L'article 34 est l'un de ceux qui, au sein du présent collectif budgétaire, nous posent vraiment problème. Il porte sur l'intangibilité du bilan d'ouverture. Selon ce principe, une vérification fiscale des comptes d'une entreprise s'effectue en remontant, d'exercice en exercice, jusqu'à un certain point, car il faut bien parvenir à un sol stable : c'est le bilan intangible, lequel ne pourra pas être affecté par des redressements.
Il faut rappeler que le Conseil d'Etat, dans un arrêt d'assemblée, l'arrêt Ghesquière, du 7 juillet 2004, a opéré un revirement - comme il en a le secret - en revenant à sa jurisprudence antérieure à 1973, c'est-à-dire plus de trente ans en arrière, avec certainement d'excellentes raisons et sur la base d'une analyse que l'on ne saurait contester en droit.
Ainsi, le Conseil d'Etat a subordonné l'application intégrale de la correction symétrique des bilans à la bonne foi du contribuable.
Ce revirement de jurisprudence a des conséquences particulièrement importantes.
Le Gouvernement nous invite, dans l'article 34, à valider, nonobstant la nouvelle jurisprudence, les pratiques administratives et les impositions établies.
La commission rappelle que les modalités d'application du présent article, en particulier celles qui sont relatives à la validation des impositions, font l'objet de certaines controverses. Les validations législatives ne nous plaisent guère, comme vous pouvez vous en douter, monsieur le ministre.

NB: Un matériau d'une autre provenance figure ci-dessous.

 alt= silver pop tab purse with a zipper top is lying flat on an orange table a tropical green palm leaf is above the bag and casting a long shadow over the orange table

La validation des impositions voit toutefois sa portée atténuée. Ainsi, les impositions établies ne seront assorties que des intérêts de retard et les exceptions au principe d'intangibilité seront bien applicables, ce qui signifie qu'il ne s'agit pas d'une validation tout à fait intégrale. En outre, les décisions passées en force de choses jugées ne sont pas remises en cause. Enfin, cet article 34 est soumis au vote du Parlement moins de six mois après la nouvelle jurisprudence du Conseil d'Etat.

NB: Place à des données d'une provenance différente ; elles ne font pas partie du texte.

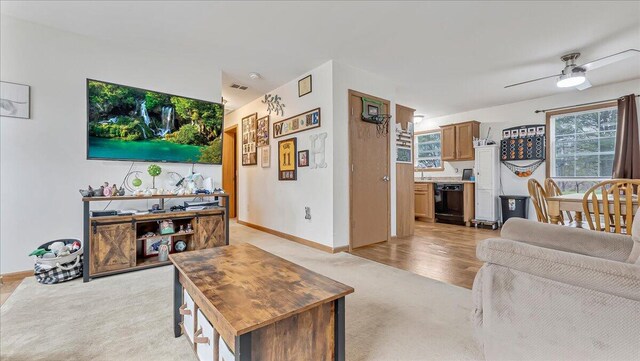3954 Cedar Dr, Walnutport, PA 18088 - living room with light colored carpet and a ceiling fan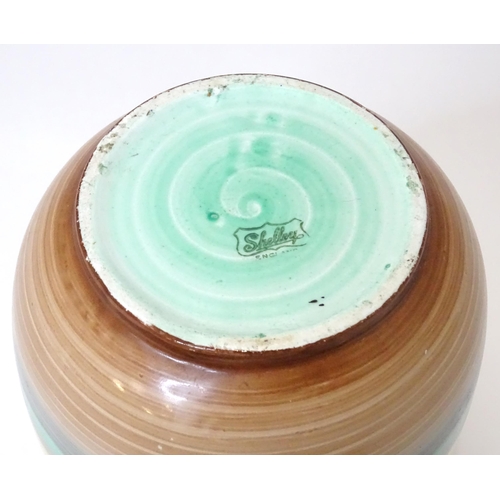 805 - A Shelley vase of tapering form with stripe detail. Marked under. Approx. 9 1/4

Il ne faut pas se le cacher, l'impact budgétaire de cette nouvelle jurisprudence pourrait être très important. Je ne sais pas s'il est possible de l'évaluer avec précision, mais on nous a parlé de plusieurs milliards d'euros. Au passage, monsieur le ministre, cela contredit légèrement l'argument avancé par l'administration selon lequel, au total, la règle de l'intangibilité profiterait autant au contribuable qu'à l'Etat.
De plus, dans le contexte budgétaire actuel, il n'est pas très agréable de se trouver sous une telle épée de Damoclès.

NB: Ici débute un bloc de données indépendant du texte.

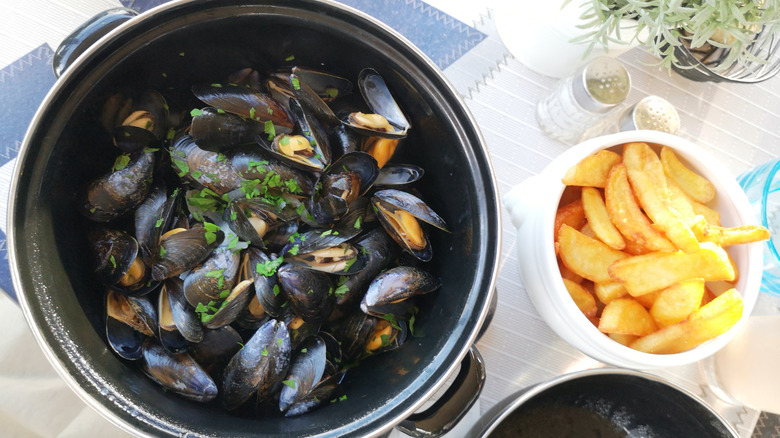 A pot of mussels and fries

Sachant que l'arrêt du Conseil d'Etat a fait l'objet de nombreux commentaires de doctrine dans les mois qui ont suivi et que la commission n'a pas pu approfondir la question, il me paraît très difficile de souscrire à la validation qui nous est demandée.
Monsieur le ministre, il s'agit ici du premier article d'une série qui va me conduire à émettre ce type de remarque. En effet, il n'eût pas été difficile pour la direction de la législation fiscale, notamment, de s'exprimer sur ce sujet dès septembre ou octobre, de nous consulter et de nous apporter des éléments d'appréciation. Nous aurions pu réaliser des auditions, approfondir la réflexion et expertiser le sujet.
En l'occurrence, comme ce n'est pas le cas et comme la disposition nous est soumise tardivement dans le projet de loi de finances rectificative, nous ne pouvons souscrire à une validation même limitée.
Telle est la raison pour laquelle la commission préconise, à ce stade, la suppression de l'article 34.